Three months into 2008, China's property developers are under siege. Property prices are showing signs of weakness in many of the country's key markets, and capital markets have all but seized up for these -- and other -- offerings. The Chinese government is on a high-profile campaign to clamp down on new bank loans, hoping to curb inflation, rising at its fastest clip in a decade.
Companies that leveraged big last year are now strapped for cash, unable to build on the land they have accumulated. Beijing is breathing down their necks, having pledged earlier this year to tax and seize hoarded land.
"The swagger is gone," says Ashley Howlett, a Beijing property lawyer with Jones Day who heads the firm's greater-China construction practice. In recent months, he says, Chinese clients have been approaching him for ideas on alternative sources of funding, such as forming a private-equity joint venture with a global property fund or taking out a line of credit with a foreign bank.
The latest casualty of changed conditions: Guangzhou-based developer Evergrande Real Estate Group, which last week shelved an initial public offering it hoped would raise as much as $2.2 billion. Evergrande, owned by Xu Jiayin, cited "continuing volatility" in capital markets.
Evergrande's woes illustrate many of the headwinds facing Chinese developers. Despite stock-market turmoil, the developer was so weighed down by debt it had no choice but to take a crack at an IPO: More than half the funds Evergrande was hoping to raise were set aside to pay for plots it accumulated during a furious land grab last year.
"We are highly leveraged, and a deterioration of our cash-flow position could materially adversely affect our ability to service our indebtedness and to continue our operations," Evergrande wrote in its listing prospectus. With the IPO shelved, the company hasn't said how it will seek funds.
Even titans have had to trim their ambitions. Country Garden Holdings, the largest Chinese property developer by market capitalization on Hong Kong's exchange, canceled a $1.5 billion debt issue late last year before resuscitating it in January -- though only at a third of the size, and restructured as a far more expensive convertible bond.
Soho China Ltd., a major commercial and residential developer in Beijing, recently dropped the idea of doing a domestic stock listing amid souring market conditions. Pan Shiyi, the company's co-founder and chairman, told Shanghai Securities News that Chinese developers this year will "find themselves in extraordinarily difficult financial straits."
Fueled by buoyant capital markets and soaring property prices, developers went on a land-buying binge last year. "The 'model' that worked in 2007 was predicated on prices for apartments growing faster than land costs," says Todd Schubert, an analyst with Deutsche Bank in Singapore.
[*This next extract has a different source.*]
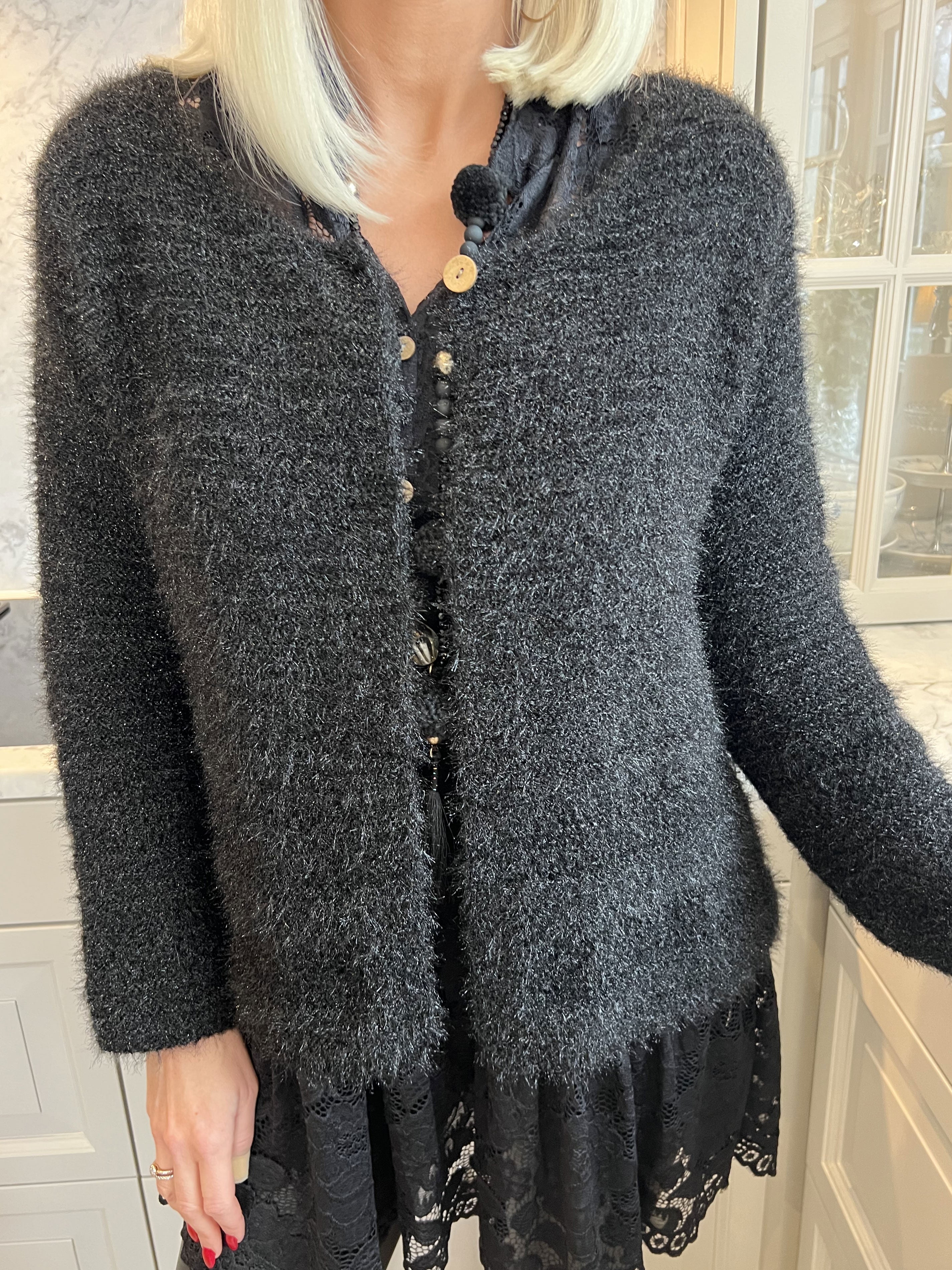 Melly - Mjuk kofta med en knapp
Companies that bought land aggressively were rewarded by investors, which only encouraged developers to keep increasing land banks, no matter how high the cost spiraled. Now, with home prices faltering and funding sources scarce, Mr. Schubert says, "This game is over."
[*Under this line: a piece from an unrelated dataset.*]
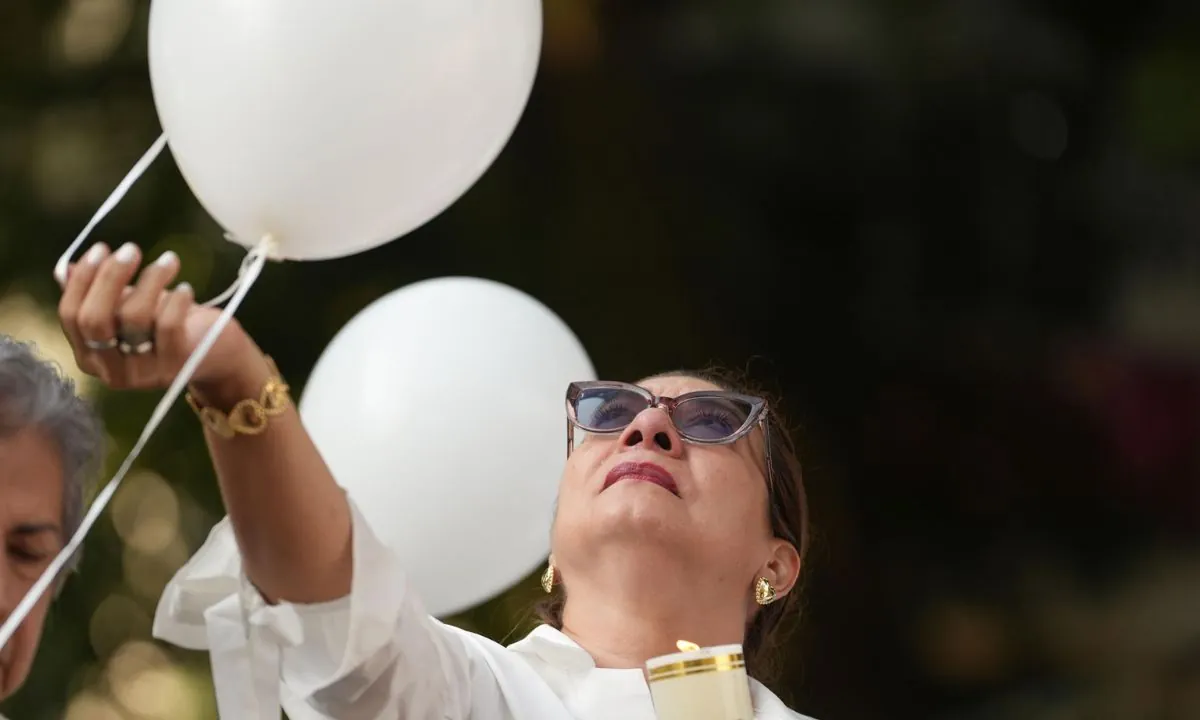 A un mes del terremoto en Colombia: daños, promesas y controversias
Overextended and overleveraged developers are struggling to find construction funds. "Having a lot of land in some ways becomes an albatross around your neck," says Mr. Howlett of Jones Day.
Months ago, they might have gone to the capital markets. Mainland property companies raised $7.6 billion in Hong Kong listings in 2007 -- seven times the 2006 total, according to Thomson Financial. Chinese regulators seem willing to allow mainland property concerns to sell shares, but as stock prices continue to plummet, poor investor sentiment can put those plans in jeopardy, along with IPO ambitions in other sectors. Meanwhile, the market for offshore U.S. dollar debt is moribund.
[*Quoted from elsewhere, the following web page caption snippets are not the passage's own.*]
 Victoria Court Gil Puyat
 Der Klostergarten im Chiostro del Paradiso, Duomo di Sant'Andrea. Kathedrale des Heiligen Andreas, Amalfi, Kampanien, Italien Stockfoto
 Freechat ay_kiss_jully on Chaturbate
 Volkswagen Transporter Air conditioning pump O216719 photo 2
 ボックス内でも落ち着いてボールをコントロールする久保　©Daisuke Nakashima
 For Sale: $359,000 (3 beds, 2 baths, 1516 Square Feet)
These developers are also facing the prospect of a turning point in China's broader property market, especially in the south, a stronghold for many of the biggest developers. In the past few months, Wang Shi, the head of megadeveloper China Vanke, a Shenzhen-listed company based in that boomtown, surprised the market by slashing prices heavily on new flats and suggesting in a recent television interview that people wait three to four years before purchasing a new home.
The government made home buying more expensive last year by raising down-payment rates on second mortgages and raising mortgage rates, in order to cool prices. It also is rolling out low-income housing that could further depress prices.
Kong Qingping, chairman of Hong Kong-listed China Overseas Land & Investment, acknowledged last week that this confluence of trends would make the year ahead difficult for Chinese developers. He described price declines of as much as 30% in some top-tier cities as simply a "return to rationality" after several years of overexcitement, not a "turning point," as Mr. Wang of China Vanke has it.